Short text fragments from websites:
•••••

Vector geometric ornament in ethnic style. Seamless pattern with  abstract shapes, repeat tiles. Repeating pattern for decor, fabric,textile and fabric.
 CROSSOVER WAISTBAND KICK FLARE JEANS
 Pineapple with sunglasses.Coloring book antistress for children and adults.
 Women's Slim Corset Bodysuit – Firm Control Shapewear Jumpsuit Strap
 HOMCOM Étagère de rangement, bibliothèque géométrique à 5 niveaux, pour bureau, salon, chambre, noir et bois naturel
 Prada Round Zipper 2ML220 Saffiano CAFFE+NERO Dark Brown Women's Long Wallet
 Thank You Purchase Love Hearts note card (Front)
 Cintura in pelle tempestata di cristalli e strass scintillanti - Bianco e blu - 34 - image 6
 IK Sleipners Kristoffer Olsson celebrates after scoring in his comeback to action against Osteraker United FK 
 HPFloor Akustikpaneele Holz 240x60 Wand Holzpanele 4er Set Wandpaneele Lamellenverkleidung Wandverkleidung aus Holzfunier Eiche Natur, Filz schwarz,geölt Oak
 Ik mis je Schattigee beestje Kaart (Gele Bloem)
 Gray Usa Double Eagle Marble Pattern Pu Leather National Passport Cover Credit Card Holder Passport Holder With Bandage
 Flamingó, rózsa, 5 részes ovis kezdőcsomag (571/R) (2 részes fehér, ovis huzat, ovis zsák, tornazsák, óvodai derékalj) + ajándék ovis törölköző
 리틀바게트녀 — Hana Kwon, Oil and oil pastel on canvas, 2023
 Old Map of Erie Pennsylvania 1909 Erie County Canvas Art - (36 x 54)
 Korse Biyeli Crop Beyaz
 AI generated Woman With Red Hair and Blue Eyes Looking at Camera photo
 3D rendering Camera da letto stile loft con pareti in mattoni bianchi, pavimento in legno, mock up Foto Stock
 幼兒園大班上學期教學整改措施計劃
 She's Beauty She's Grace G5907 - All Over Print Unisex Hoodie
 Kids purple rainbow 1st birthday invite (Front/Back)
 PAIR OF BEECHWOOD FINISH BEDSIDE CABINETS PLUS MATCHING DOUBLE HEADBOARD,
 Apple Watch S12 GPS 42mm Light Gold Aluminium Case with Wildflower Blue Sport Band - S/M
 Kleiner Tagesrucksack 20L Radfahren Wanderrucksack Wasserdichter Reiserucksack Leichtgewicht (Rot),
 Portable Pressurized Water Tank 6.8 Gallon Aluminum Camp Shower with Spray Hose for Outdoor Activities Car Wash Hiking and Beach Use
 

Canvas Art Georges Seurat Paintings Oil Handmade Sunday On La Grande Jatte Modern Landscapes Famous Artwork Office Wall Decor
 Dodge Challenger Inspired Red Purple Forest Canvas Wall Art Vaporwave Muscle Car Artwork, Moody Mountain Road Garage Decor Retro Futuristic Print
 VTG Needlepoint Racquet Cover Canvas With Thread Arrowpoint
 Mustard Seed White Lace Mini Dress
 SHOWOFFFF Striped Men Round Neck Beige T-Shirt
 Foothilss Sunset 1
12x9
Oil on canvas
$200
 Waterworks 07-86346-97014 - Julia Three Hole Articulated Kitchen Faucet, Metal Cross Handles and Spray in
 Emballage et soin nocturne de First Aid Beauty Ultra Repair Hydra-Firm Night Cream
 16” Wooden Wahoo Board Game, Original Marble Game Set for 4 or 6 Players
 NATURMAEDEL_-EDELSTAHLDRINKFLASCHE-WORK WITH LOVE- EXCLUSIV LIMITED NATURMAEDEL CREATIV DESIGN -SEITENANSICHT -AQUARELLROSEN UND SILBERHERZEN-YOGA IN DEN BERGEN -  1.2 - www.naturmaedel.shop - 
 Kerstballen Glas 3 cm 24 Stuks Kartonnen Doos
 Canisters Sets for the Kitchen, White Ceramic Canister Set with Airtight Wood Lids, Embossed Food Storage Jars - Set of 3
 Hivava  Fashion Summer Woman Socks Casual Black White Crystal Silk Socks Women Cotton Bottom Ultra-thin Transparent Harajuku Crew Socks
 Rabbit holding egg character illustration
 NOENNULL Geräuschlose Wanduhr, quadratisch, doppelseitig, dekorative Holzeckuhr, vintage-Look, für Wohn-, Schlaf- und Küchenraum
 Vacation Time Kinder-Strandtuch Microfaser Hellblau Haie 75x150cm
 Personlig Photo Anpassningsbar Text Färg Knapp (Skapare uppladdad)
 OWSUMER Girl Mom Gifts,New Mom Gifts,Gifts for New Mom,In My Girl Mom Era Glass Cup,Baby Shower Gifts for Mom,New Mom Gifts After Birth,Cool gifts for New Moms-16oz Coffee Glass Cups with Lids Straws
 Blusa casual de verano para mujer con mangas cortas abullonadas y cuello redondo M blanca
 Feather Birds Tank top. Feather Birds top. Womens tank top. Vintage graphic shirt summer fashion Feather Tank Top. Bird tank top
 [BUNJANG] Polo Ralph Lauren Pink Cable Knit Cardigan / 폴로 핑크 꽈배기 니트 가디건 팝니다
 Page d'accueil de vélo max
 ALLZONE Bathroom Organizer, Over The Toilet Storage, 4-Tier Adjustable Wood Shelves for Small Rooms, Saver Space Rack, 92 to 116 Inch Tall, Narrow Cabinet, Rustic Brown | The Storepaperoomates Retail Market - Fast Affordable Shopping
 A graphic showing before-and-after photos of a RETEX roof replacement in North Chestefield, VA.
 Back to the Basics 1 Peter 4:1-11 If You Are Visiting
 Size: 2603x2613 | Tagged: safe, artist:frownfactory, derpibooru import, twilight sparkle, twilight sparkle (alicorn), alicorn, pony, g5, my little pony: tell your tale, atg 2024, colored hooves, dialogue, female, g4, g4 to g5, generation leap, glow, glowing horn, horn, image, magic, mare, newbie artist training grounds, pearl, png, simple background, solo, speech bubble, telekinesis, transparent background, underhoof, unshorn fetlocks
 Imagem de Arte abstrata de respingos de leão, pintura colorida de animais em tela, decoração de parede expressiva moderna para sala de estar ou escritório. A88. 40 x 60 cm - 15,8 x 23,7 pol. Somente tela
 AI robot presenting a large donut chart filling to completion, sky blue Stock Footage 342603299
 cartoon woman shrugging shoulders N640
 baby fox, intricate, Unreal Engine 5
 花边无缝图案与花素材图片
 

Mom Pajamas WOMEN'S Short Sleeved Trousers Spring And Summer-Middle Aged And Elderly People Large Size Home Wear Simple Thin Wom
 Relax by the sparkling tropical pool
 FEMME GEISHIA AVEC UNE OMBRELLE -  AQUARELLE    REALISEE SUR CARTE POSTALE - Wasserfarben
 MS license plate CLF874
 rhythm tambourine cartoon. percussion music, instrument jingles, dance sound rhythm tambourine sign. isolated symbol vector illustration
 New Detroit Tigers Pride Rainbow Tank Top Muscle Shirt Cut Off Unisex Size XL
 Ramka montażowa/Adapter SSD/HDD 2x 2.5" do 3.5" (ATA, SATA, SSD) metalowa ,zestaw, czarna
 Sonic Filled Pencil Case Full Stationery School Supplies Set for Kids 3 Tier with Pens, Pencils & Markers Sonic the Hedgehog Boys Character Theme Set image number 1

•••••

> Problem statement
Among the records above, extract exactly the lines from the line with "Kids purple rainbow" to the line with "Portable Pressurized Water", both lines included, and leave out the rest.

> Task answer
 Kids purple rainbow 1st birthday invite (Front/Back)
 PAIR OF BEECHWOOD FINISH BEDSIDE CABINETS PLUS MATCHING DOUBLE HEADBOARD,
 Apple Watch S12 GPS 42mm Light Gold Aluminium Case with Wildflower Blue Sport Band - S/M
 Kleiner Tagesrucksack 20L Radfahren Wanderrucksack Wasserdichter Reiserucksack Leichtgewicht (Rot),
 Portable Pressurized Water Tank 6.8 Gallon Aluminum Camp Shower with Spray Hose for Outdoor Activities Car Wash Hiking and Beach Use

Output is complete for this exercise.